Now as they led Him away, they laid hold of a certain man, Simon a Cyrenian, who was coming from the country, and on him they laid the cross that he might bear it after Jesus. (Luke 23:26)
I once heard someone exclaim on hearing this verse how ‘unfair’ that was. Why should a complete stranger be yanked from the crowd to help carry a cross that wasn’t his? The irony, of course, was that they missed the point – it was as unfair to lay the cross on Christ. In fact, it was even more so because He alone was blameless among men. But another anomaly emerges when we think about this. Why did a complete stranger share the cross? I believe that the moments preceding and following the crucifixion through to the resurrection contain poignant moments of privileged intimacy between the King of Heaven and simple, ordinary people.
Who was there to share the cross?
The most obvious answer is that the disciples were not. Aside from John who was present with the woman at the crucifixion, the other disciples were in hiding. Those we would logically imagine would share the cross are conspicuous by their absence. This, sadly, is a reality all of us must face at some point—both in our Christian or secular lives. There are those whom we love and who may truly love us who will abandon us in our moment of need. The reasons may be justifiable and understandable. But the truth remains that sometimes, there will be no trusted companion to share our walk to the cross in the footsteps of Christ.
The ’flip side’ of this is that God does provide someone who will consciously or unconsciously step forward. In this case, Simon was compelled and had little choice in the matter. But often, we struggle with our burdens and choices alone when God has people in place to help us carry. We miss these because we expect help to come from different sources. Our expectations may blind us to the provision God has made. We learn from Christ. Even as the Son of God, He did not scorn the help of one to share the cross. It’s true that perhaps He couldn’t by that point, but it’s unlikely that God would have placed a man to aid Him if that was not part of the plan. The crucifixion was never under Satan’s control. The cross was God’s perfect plan. Everything surrounding it, then, was also.
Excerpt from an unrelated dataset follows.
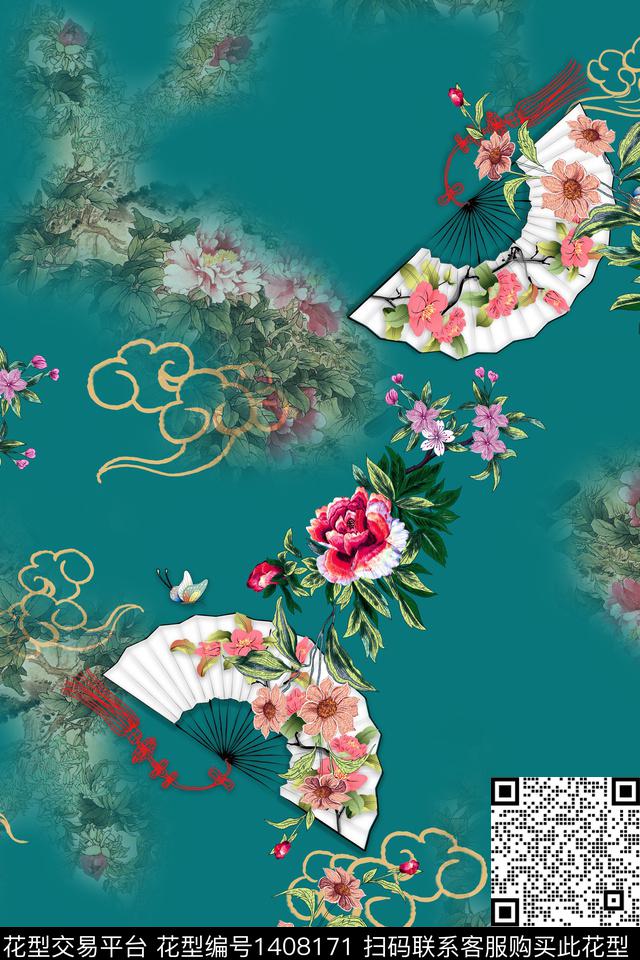 花卉香云纱中国风数码印花华亿平台下载（图片编号: 1408171） - 瓦栏（Walan）
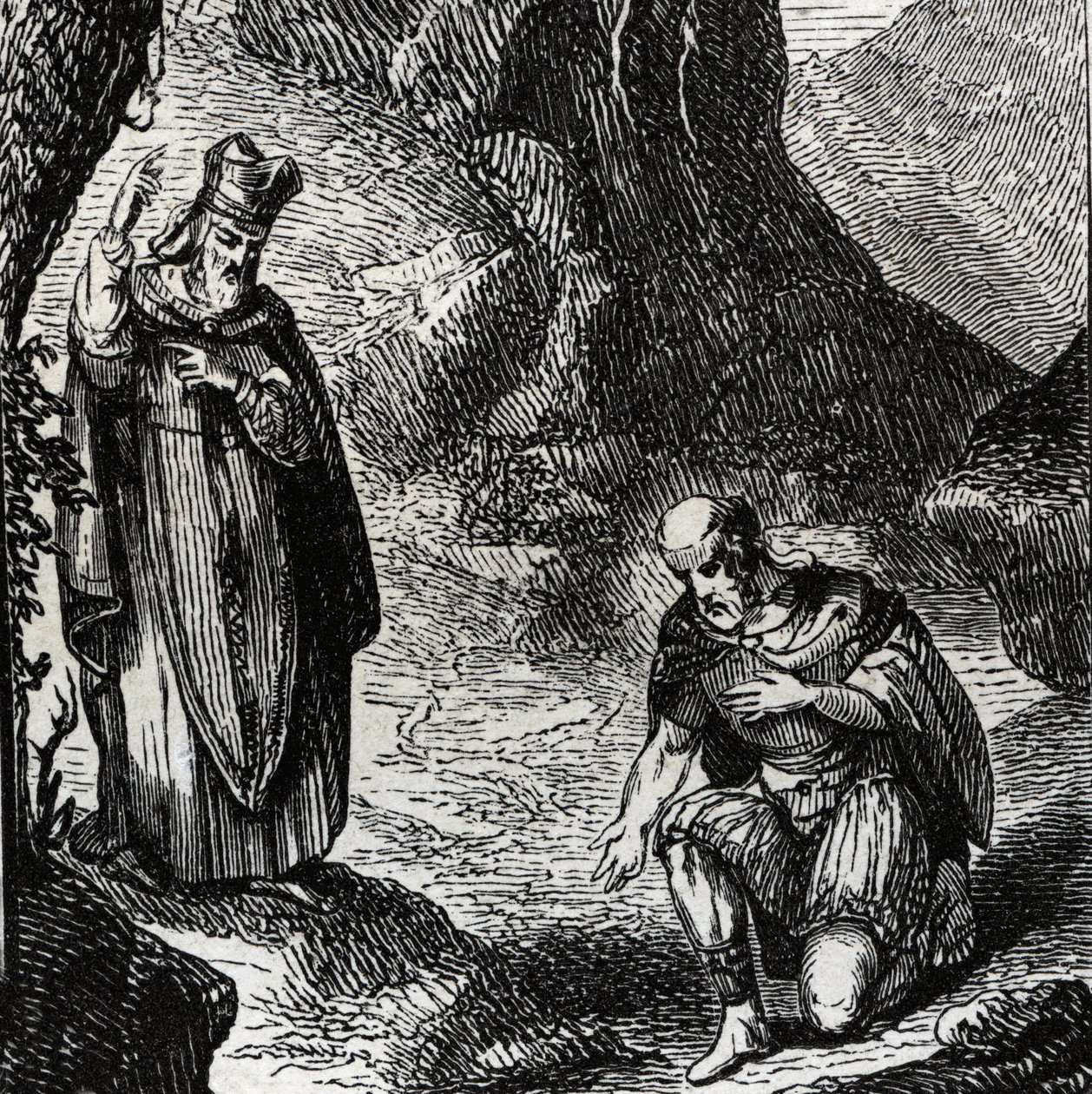 Martial de Limoges nebo Saint Martial (3. století) převádějící vůdce keltského lidu Lemovice - rytina z roku 1846 v „“Životy svatých“““. Soukromá sbírka. od Anonymous Anonymous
To share the cross is transforming.
I believe that this was, for Simon of Cyrene, a moment of absolute transformation. He emerged from the experience an utterly changed man. But it wasn’t because of miracles or signs and wonders. It wasn’t seeing the multitude fed or hearing the beatitudes from a place at Christ’s feet. His life was impacted by being in the right place at the right time to share the cross of a condemned man. Of course, he didn’t share the actual crucifixion. All he did was help carry and this in no way implies that he assumed Christ’s divinely-appointed burden for sin. Jesus went to the cross alone, and carried the sin of the world with Him. But the lesson, of course, is that we should be willing to give and receive help at those raw and messy times in every life.
Ordinary Simon shows us that to share the cross is the burden of every believer. We follow after Christ so others see the cross and its power to salvation and new life. But it also means the laying down of self – carrying our own personal cross so that we might crucify the old man. Choices can be easily made, but sometimes, we need help to carry the burdens. When it may seem that our friends have deserted us in these moments, we can be sure that somewhere, God has raised up a Simon for us. They cannot do it for us, but at the very least, the love of Christ in them means we are not alone.
Thank You, Lord, for Your perfect and ‘unfair’ sacrifice. We honour You today for Your selfless, sacrificial love and rejoice for Your resurrection and the new life You bring to those who believe.